··· GIVEN DATA ···

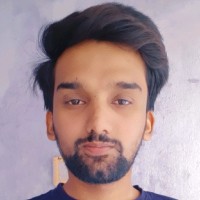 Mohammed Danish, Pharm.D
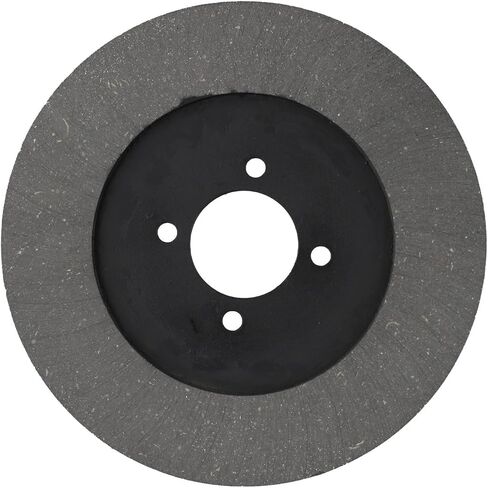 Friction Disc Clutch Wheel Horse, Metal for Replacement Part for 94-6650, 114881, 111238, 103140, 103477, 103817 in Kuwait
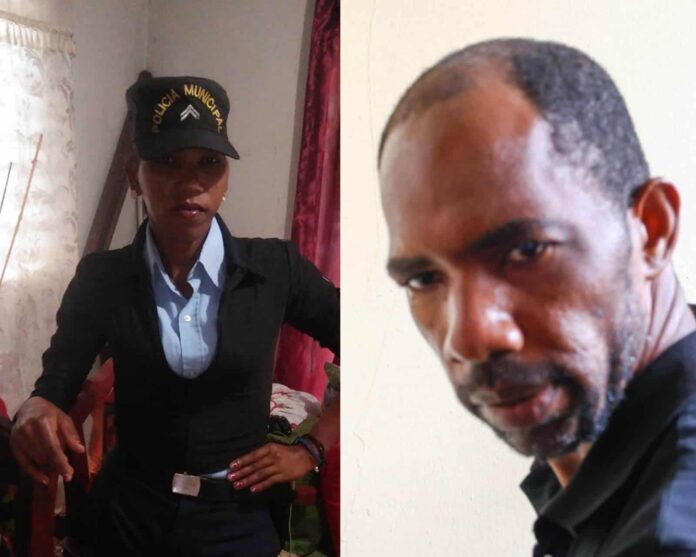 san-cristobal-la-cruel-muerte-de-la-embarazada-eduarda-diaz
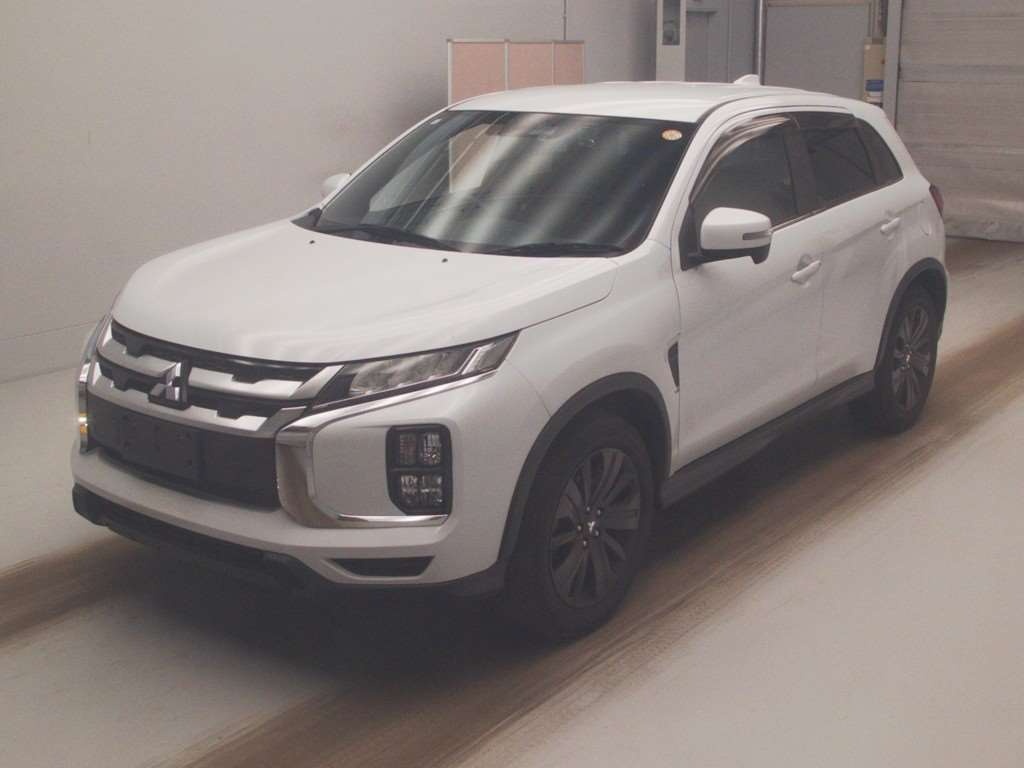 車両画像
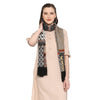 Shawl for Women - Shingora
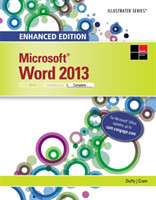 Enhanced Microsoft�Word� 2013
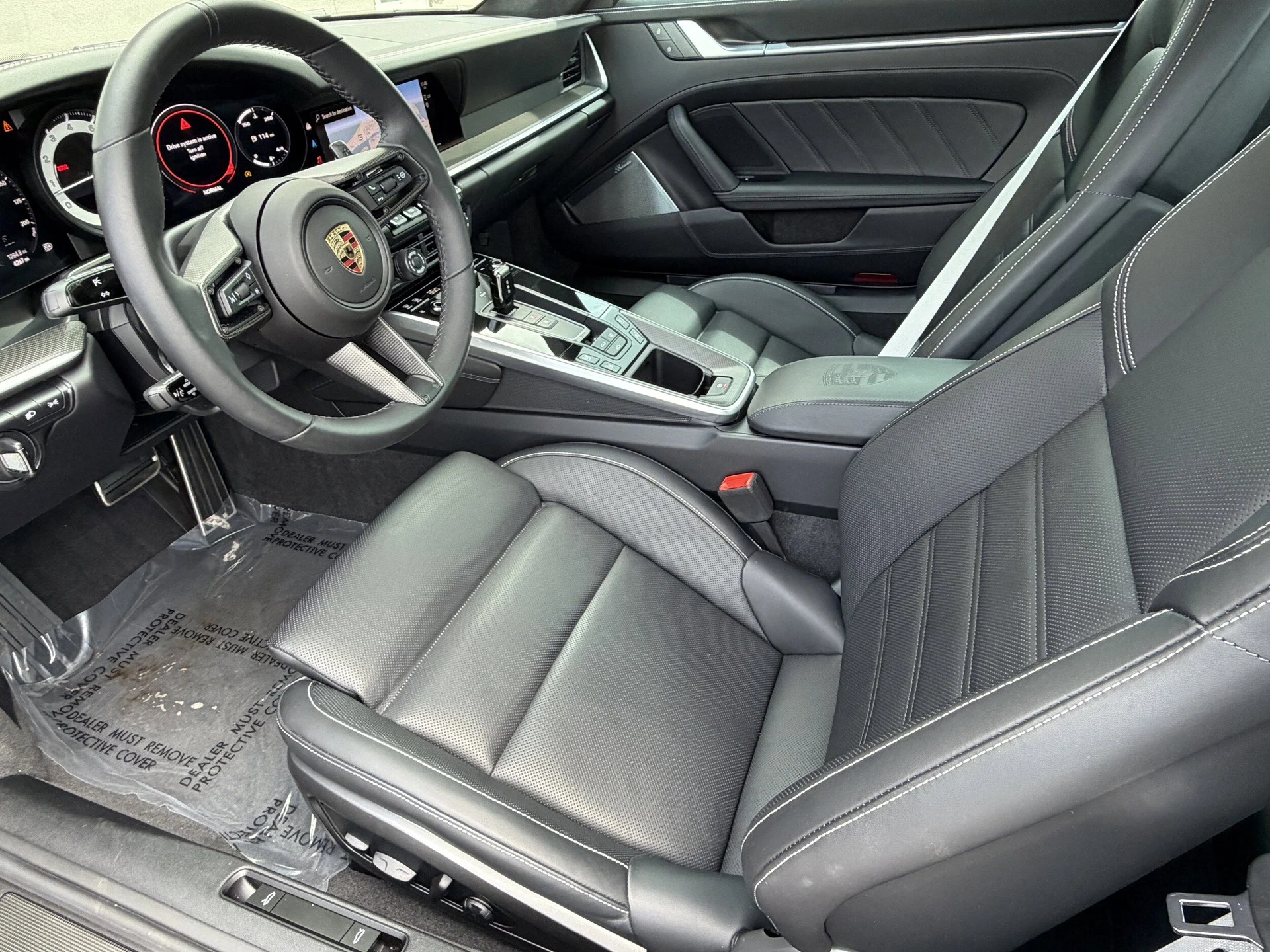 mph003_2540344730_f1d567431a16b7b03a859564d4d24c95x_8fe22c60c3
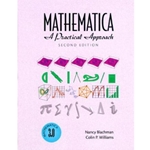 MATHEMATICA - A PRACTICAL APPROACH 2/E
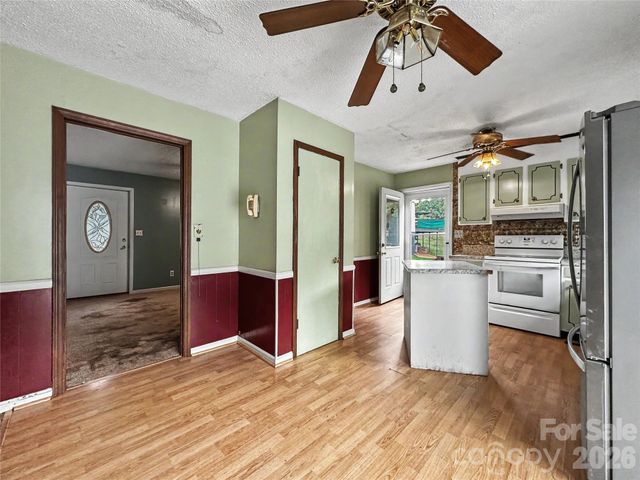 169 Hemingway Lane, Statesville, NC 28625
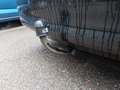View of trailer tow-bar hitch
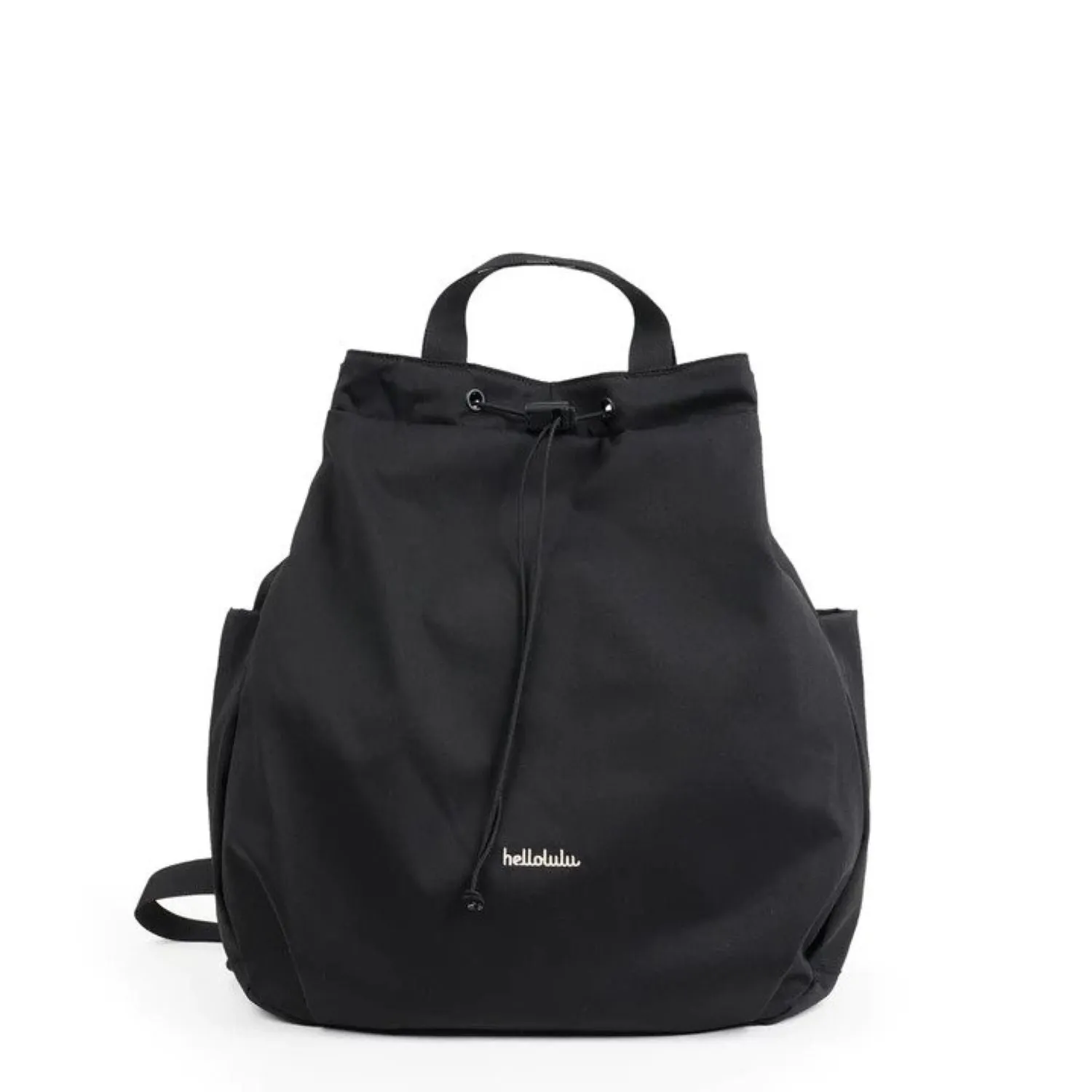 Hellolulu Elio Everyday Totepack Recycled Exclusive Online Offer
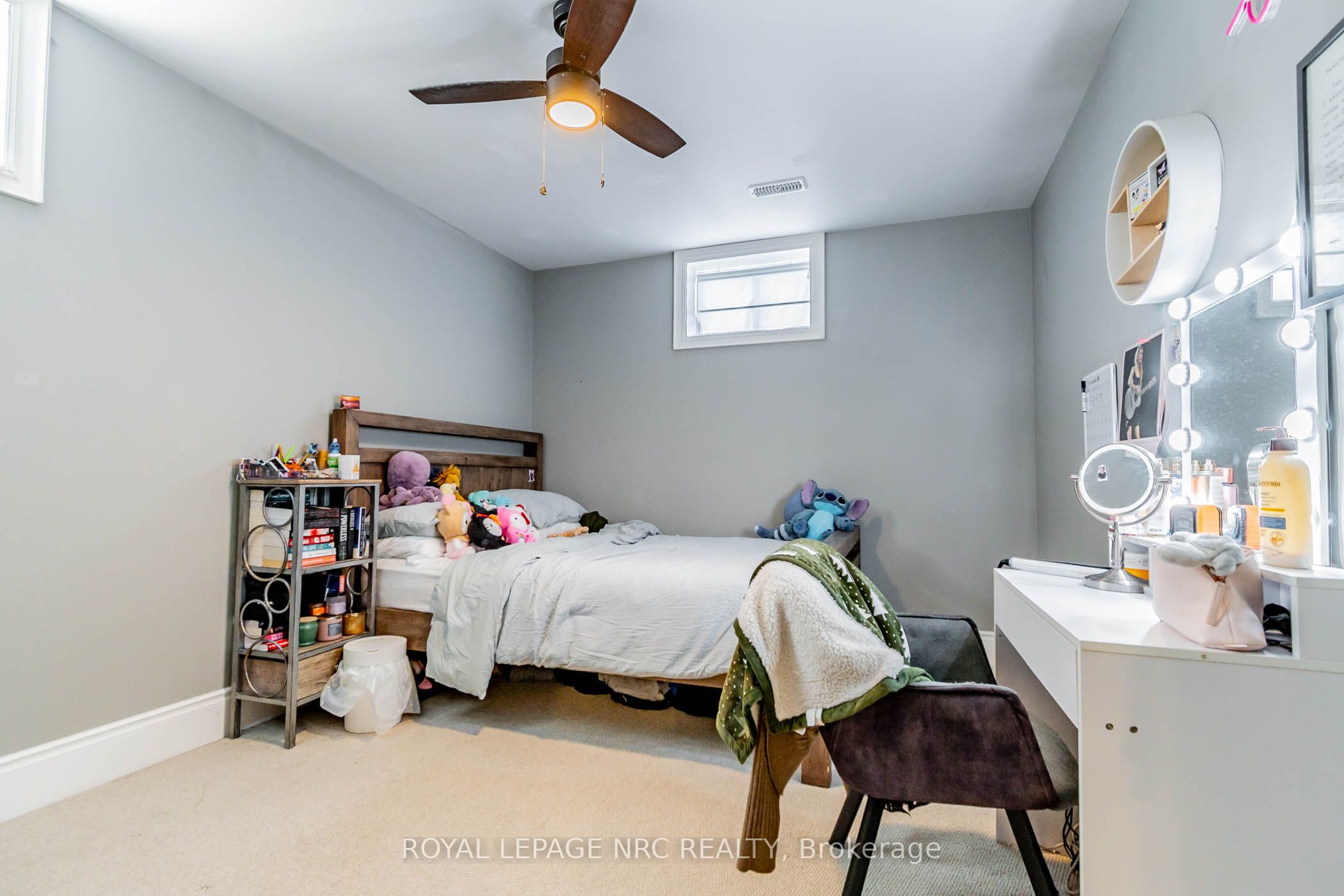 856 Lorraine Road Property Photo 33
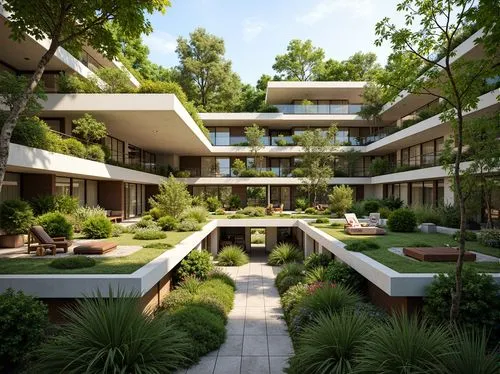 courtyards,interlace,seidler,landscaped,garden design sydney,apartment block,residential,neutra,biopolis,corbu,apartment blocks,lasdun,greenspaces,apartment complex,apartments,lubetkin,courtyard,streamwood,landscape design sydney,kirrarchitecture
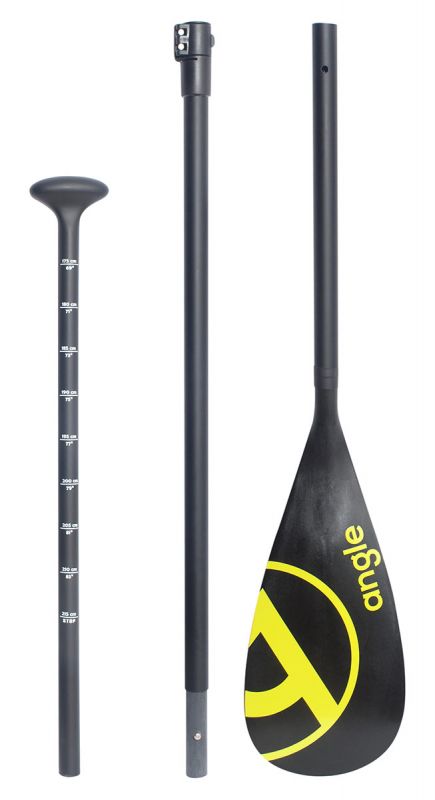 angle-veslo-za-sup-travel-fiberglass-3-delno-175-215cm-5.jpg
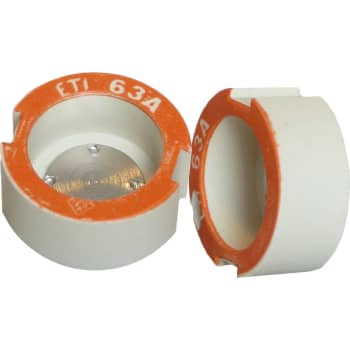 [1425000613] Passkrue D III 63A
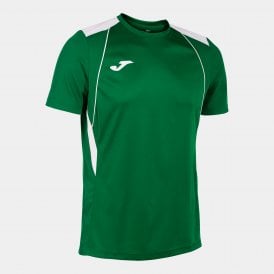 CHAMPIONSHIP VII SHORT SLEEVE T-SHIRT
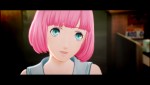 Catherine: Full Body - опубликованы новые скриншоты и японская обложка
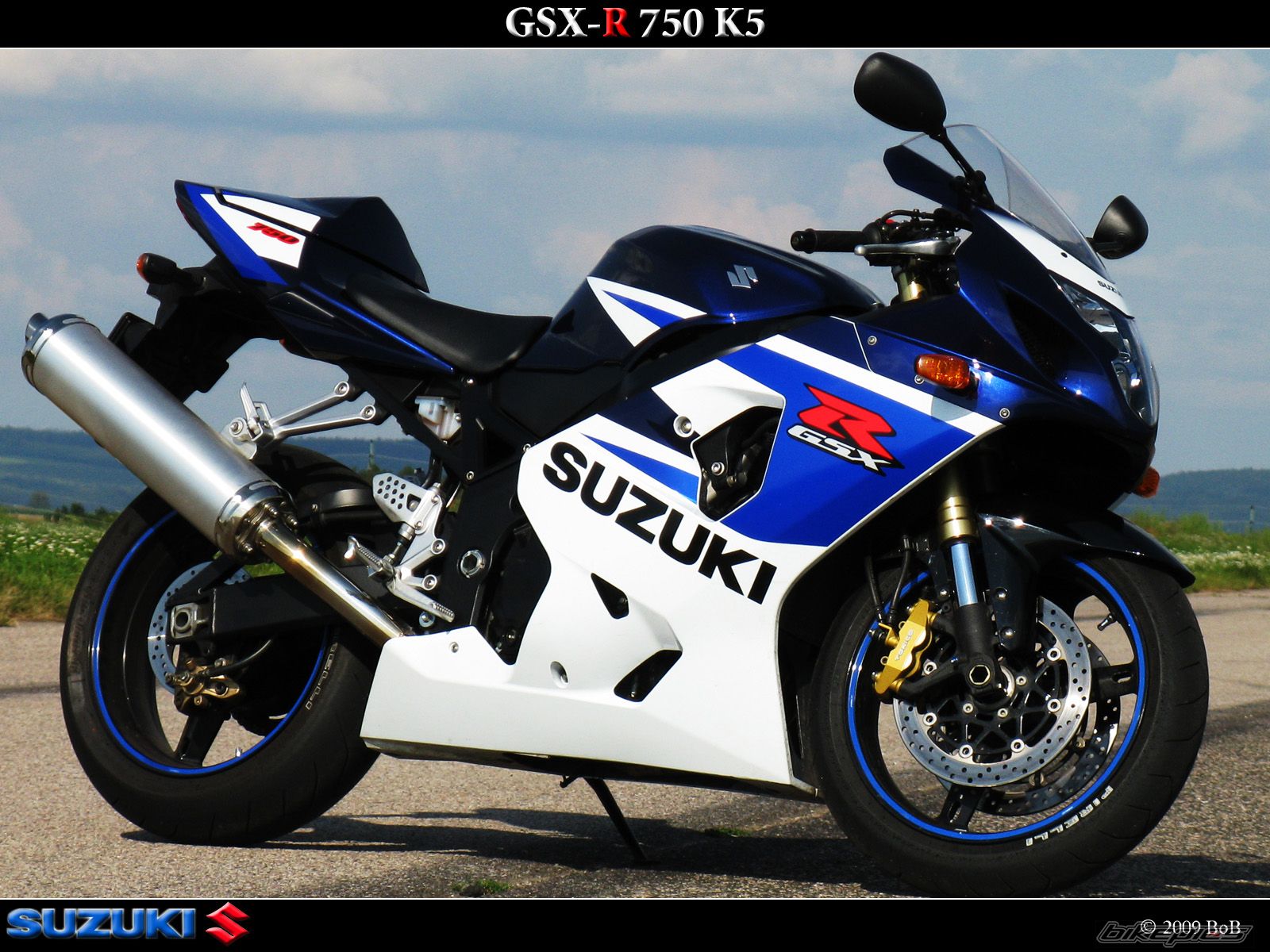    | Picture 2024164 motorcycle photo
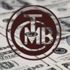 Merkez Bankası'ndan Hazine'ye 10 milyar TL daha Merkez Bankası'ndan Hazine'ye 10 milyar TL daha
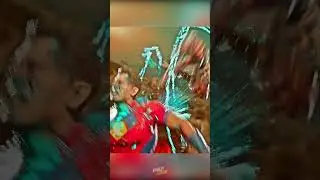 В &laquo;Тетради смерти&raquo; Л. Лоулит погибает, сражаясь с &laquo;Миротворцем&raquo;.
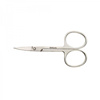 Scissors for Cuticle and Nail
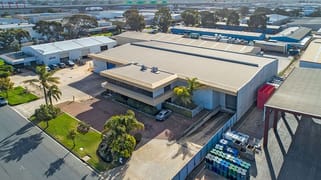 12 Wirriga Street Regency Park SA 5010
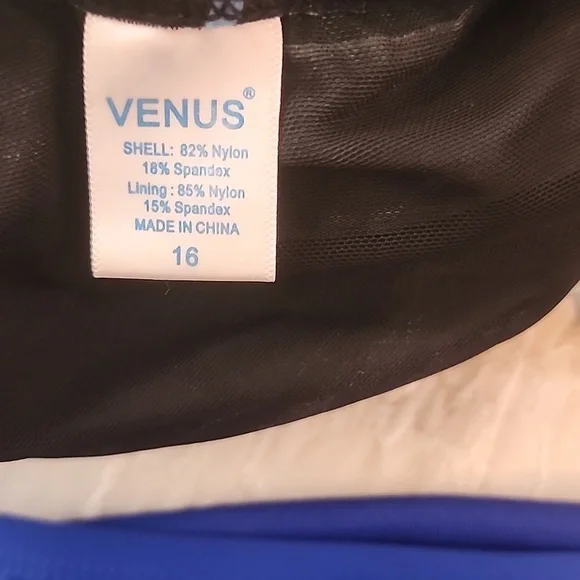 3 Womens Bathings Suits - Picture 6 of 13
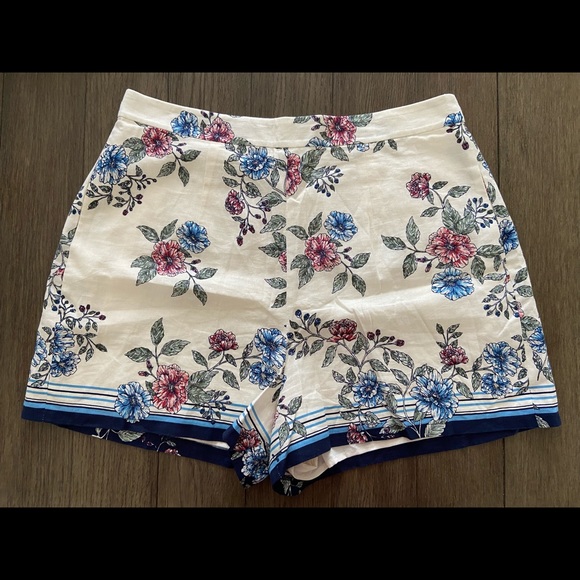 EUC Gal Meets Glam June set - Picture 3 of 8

···

◆ **PROBLEM DESCRIPTION**
Copy out only the lines from the one containing "3 Womens Bathings Suits - Picture 6 of 13" to the end of the entries, unchanged. Drop the pictures.

◆ **EXERCISE RESPONSE**
 3 Womens Bathings Suits - Picture 6 of 13
 EUC Gal Meets Glam June set - Picture 3 of 8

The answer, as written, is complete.